Task brief -> In the entries below, begin at the line with "Streets of New" and stop after the line with "New Tech Parka"; output those lines exactly and omit the pictures.

Available records ->

Segment Open

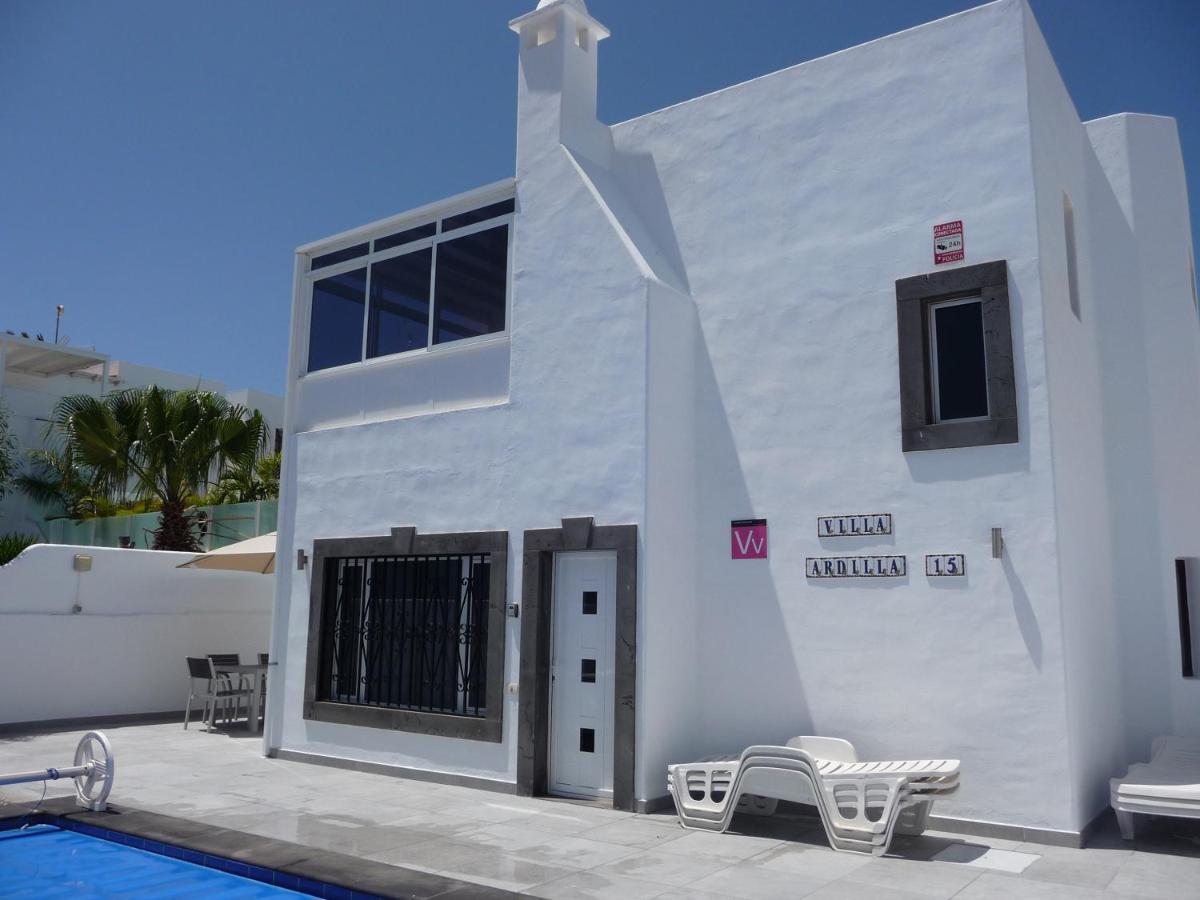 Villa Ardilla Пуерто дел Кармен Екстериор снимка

Segment Closed
Segment Open

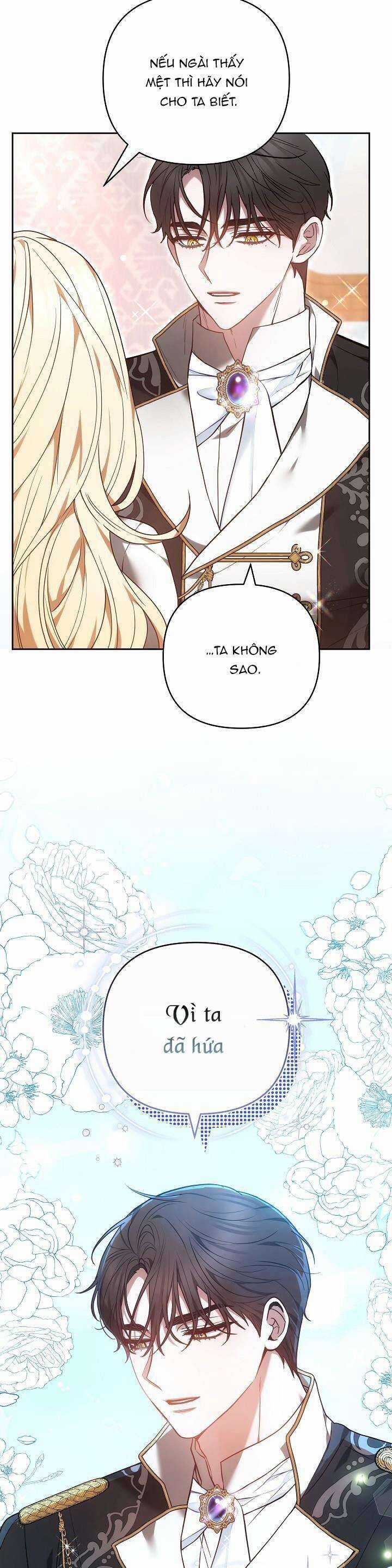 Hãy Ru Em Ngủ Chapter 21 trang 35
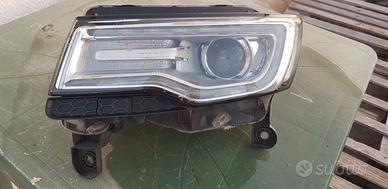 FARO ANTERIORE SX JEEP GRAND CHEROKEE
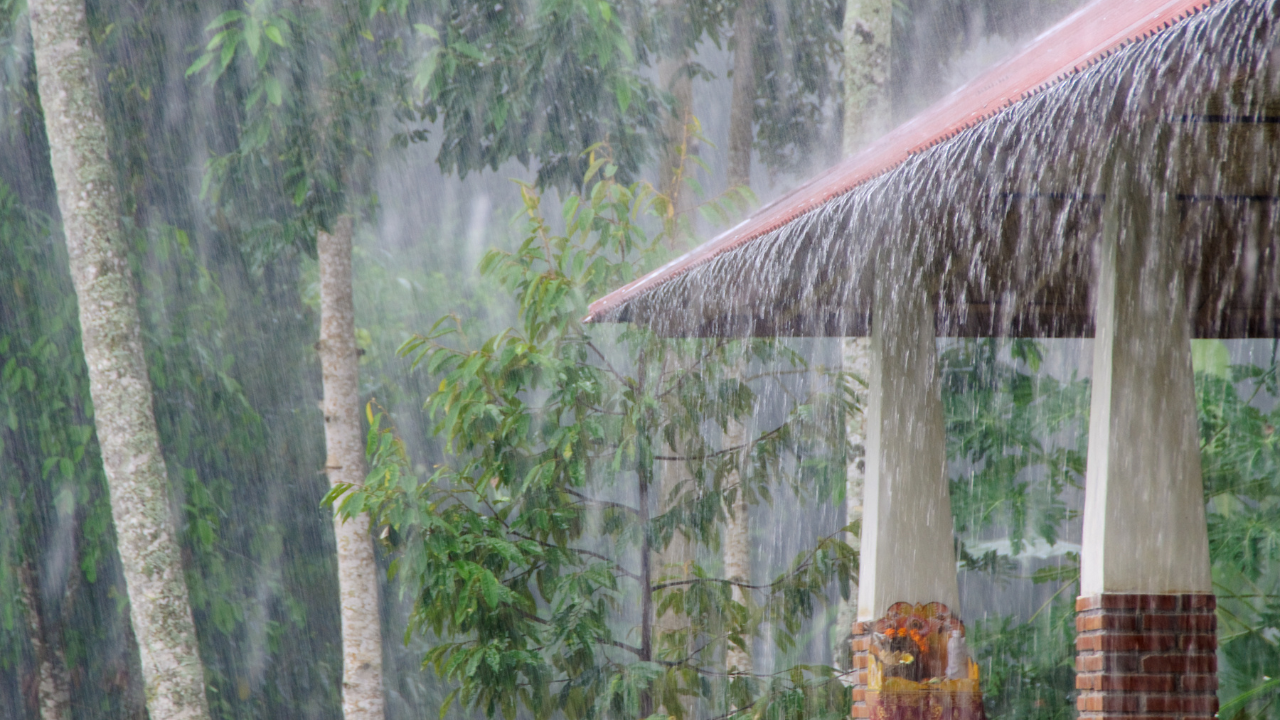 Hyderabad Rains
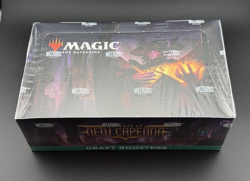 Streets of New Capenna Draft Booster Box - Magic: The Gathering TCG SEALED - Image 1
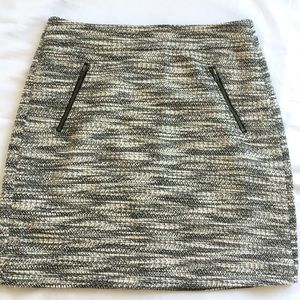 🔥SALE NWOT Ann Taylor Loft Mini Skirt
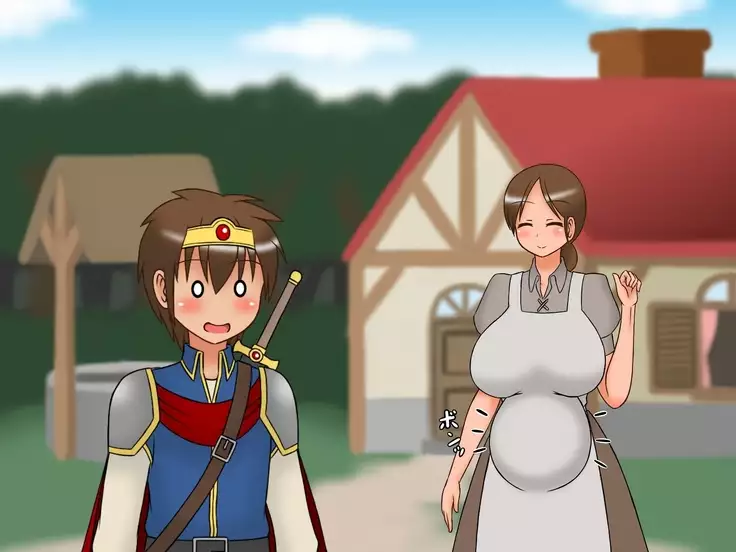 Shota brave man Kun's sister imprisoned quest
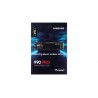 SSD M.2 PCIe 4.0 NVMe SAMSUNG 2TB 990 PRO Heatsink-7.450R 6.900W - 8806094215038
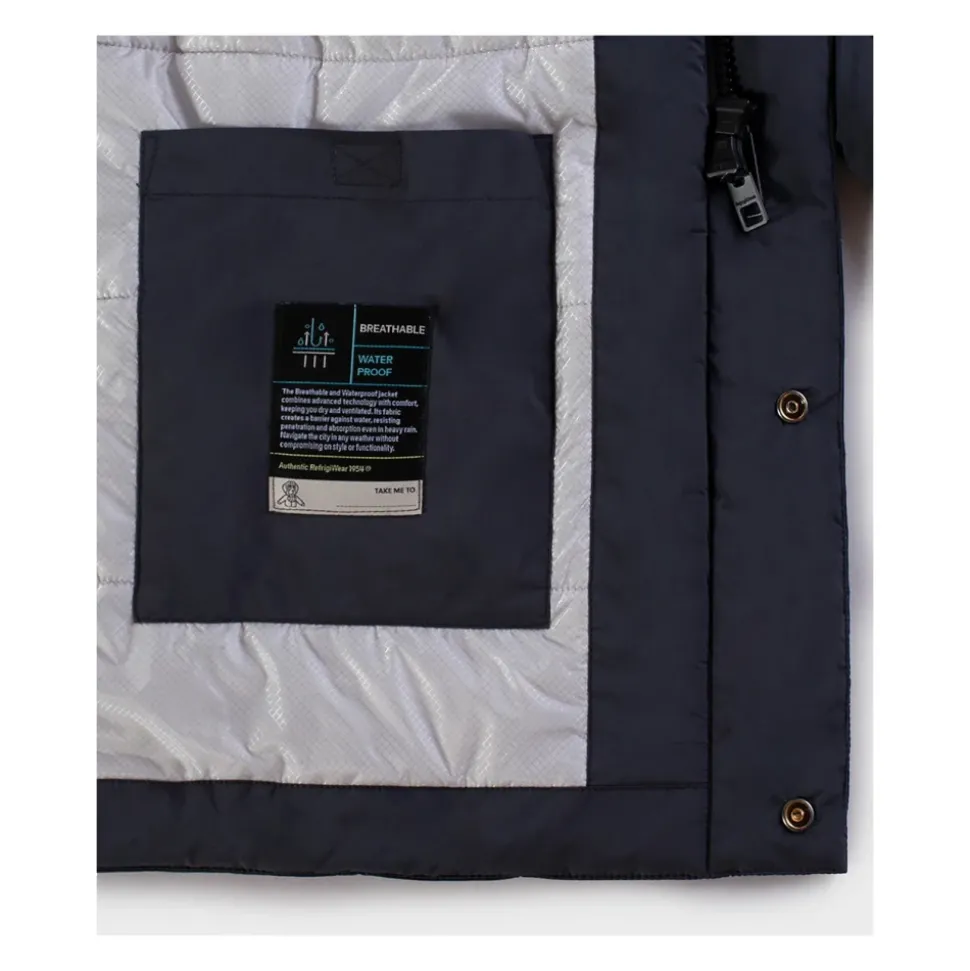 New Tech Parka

Segment Closed

Solution to this task ->
 Streets of New Capenna Draft Booster Box - Magic: The Gathering TCG SEALED - Image 1
 🔥SALE NWOT Ann Taylor Loft Mini Skirt
 Shota brave man Kun's sister imprisoned quest
 SSD M.2 PCIe 4.0 NVMe SAMSUNG 2TB 990 PRO Heatsink-7.450R 6.900W - 8806094215038
 New Tech Parka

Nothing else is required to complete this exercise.